Released 9 October 2015 via Mascot Label Group
Consider the blues. There are few examples of a folk music so deeply entwined into the history of our times, its tragedies and triumph and the slow, relentless cycle of injustice.
It’s an old story, often repeated, but somehow equally as often hidden in plain sight.
It is 200 years since the blockade of the Royal Navy and the interdiction of the North American slave trade. More than a million exiles, their children bred as livestock, a mix of dozens of vibrant and sophisticated nations, were divided and segregated. Somehow they gathered together the shards of their diverse cultures and produced a music of defining power and grace, that re-wrote the rule book of Western musical theory.

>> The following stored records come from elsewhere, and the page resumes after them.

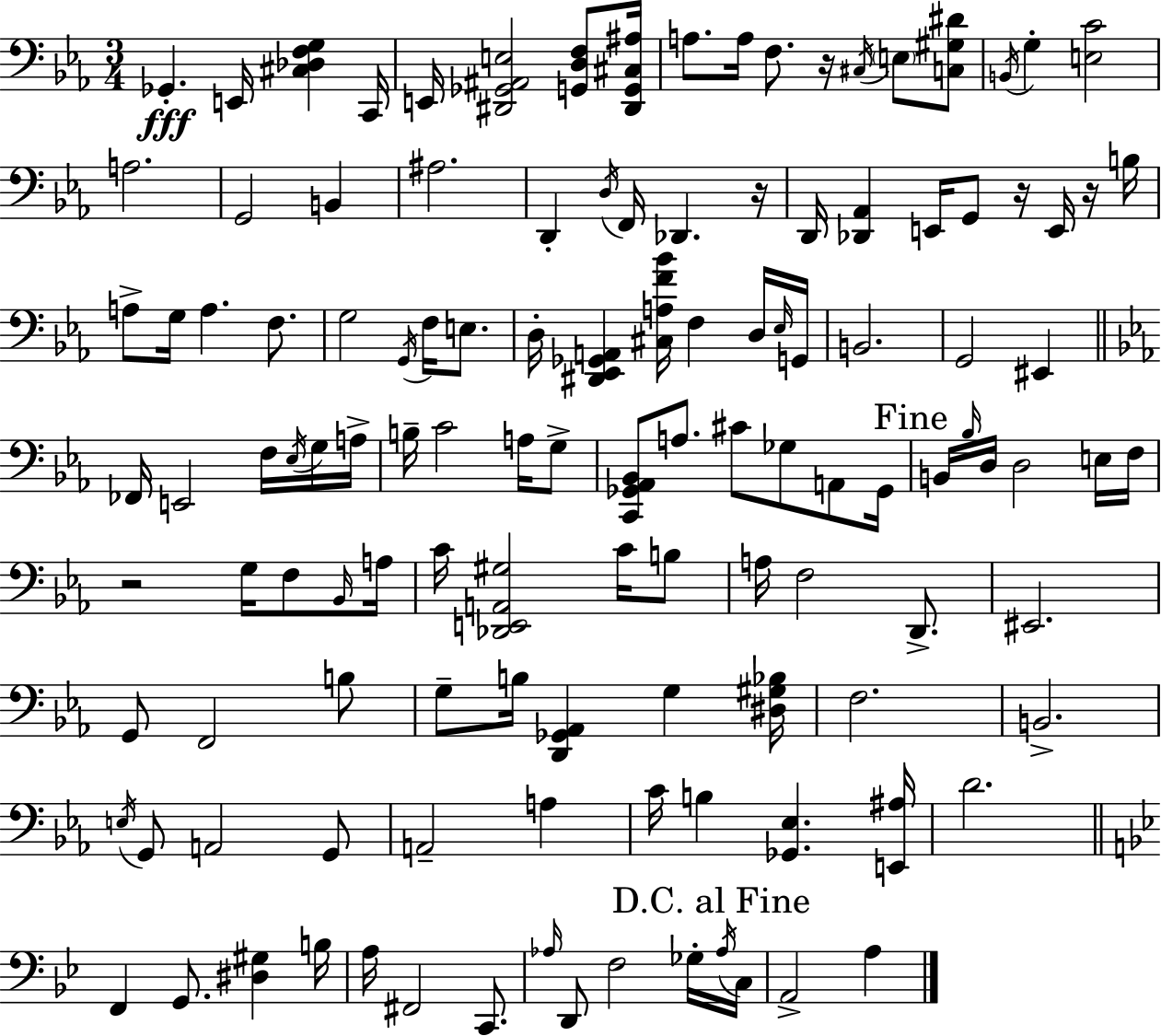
{
  \clef bass
  \numericTimeSignature
  \time 3/4
  \key c \minor
  ges,4.-.\fff e,16 <cis des f g>4 c,16 | e,16 <dis, ges, ais, e>2 <g, d f>8 <dis, g, cis ais>16 | a8. a16 f8. r16 \acciaccatura { cis16 } \parenthesize e8 <c gis dis'>8 | \acciaccatura { b,16 } g4-. <e c'>2 | \break a2. | g,2 b,4 | ais2. | d,4-. \acciaccatura { d16 } f,16 des,4. | \break r16 d,16 <des, aes,>4 e,16 g,8 r16 | e,16 r16 b16 a8-> g16 a4. | f8. g2 \acciaccatura { g,16 } | f16 e8. d16-. <dis, ees, ges, a,>4 <cis a f' bes'>16 f4 | \break d16 \grace { ees16 } g,16 b,2. | g,2 | eis,4 \bar "||" \break \key c \minor fes,16 e,2 f16 \acciaccatura { ees16 } g16 | a16-> b16-- c'2 a16 g8-> | <c, ges, aes, bes,>8 a8. cis'8 ges8 a,8 | ges,16 \mark "Fine" b,16 \grace { bes16 } d16 d2 | \break e16 f16 r2 g16 f8 | \grace { bes,16 } a16 c'16 <des, e, a, gis>2 | c'16 b8 a16 f2 | d,8.-> eis,2. | \break g,8 f,2 | b8 g8-- b16 <d, ges, aes,>4 g4 | <dis gis bes>16 f2. | b,2.-> | \break \acciaccatura { e16 } g,8 a,2 | g,8 a,2-- | a4 c'16 b4 <ges, ees>4. | <e, ais>16 d'2. | \break \bar "||" \break \key g \minor f,4 g,8. <dis gis>4 b16 | a16 fis,2 c,8. | \grace { aes16 } d,8 f2 ges16-. | \mark "D.C. al Fine" \acciaccatura { aes16 } c16 a,2-> a4 | \break \bar "|."
}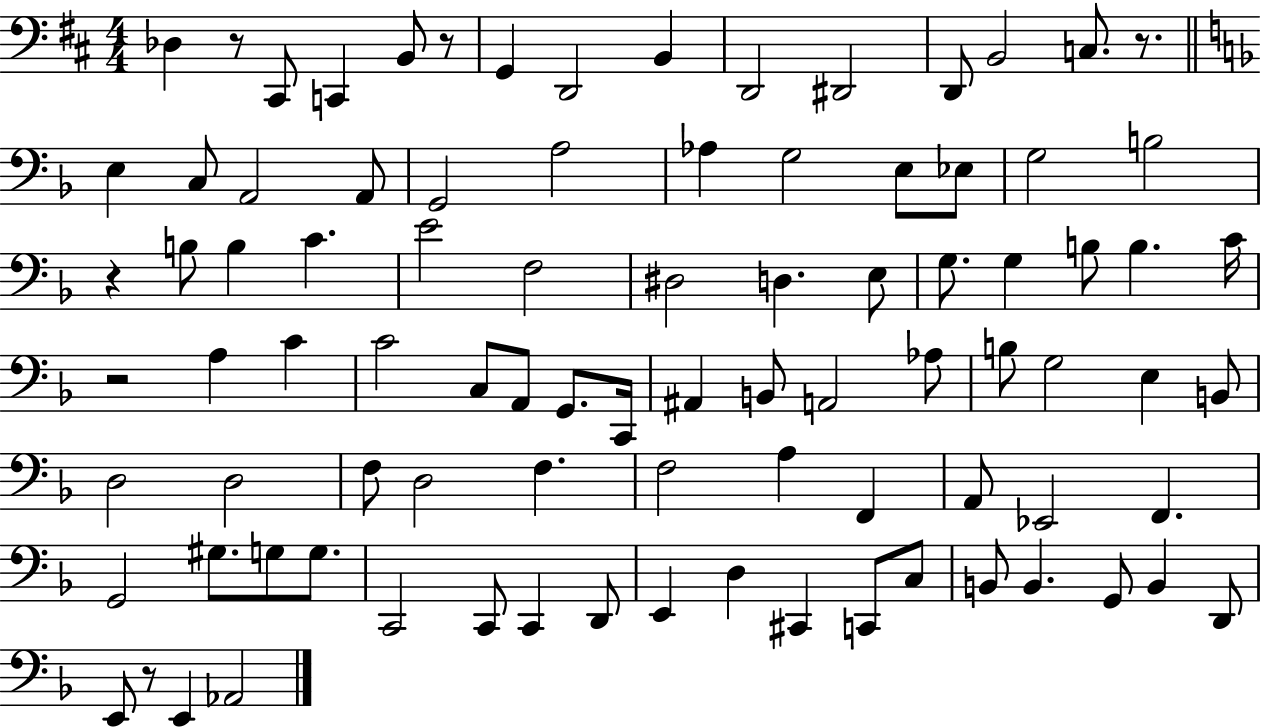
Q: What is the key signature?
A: D major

That music can still be heard today: an unbroken chain linking it to the great diaspora, the post bellum journeys north and west from the Deep South, true freedom ever proving an illusion. The flames of hope in a Georgia night led to a bitter dawn and the failures of reconstruction. The war was won but the peace was lost as a man lay dying at Ford’s Theatre.
The music is a story, a narrative of the times and suffering of a race history has denied. Full of warm, self-deprecating humour, raw sexuality, the pain of the ages and above all: hope. It is rich in metaphor and hidden meaning.
The affection and understanding between these four men is a powerful testament to the ties of the music that binds community and family together to endure down the long years.
With success stretching back 40 years, from his emergence as a teen prodigy in San Francisco in the 1960s, veteran bluesman Joe Louis Walker has little left to prove. His biography contains a who’s who of the great and the good on the blues scene from John Lee Hooker to Jimi Hendrix, Branford Marsalis to Nick Lowe.
These days he eschews celebrity collaborations, preferring the steady companionship of his long-standing touring band. The album, conceived and written mostly during sound checks, is a testament to the love that exists between these four men. Walker comes across as a reluctant front man, “hell, someone’s got to do it”, he seems to say. He may be the glue that binds the team together but the album is about the band and their musical journey.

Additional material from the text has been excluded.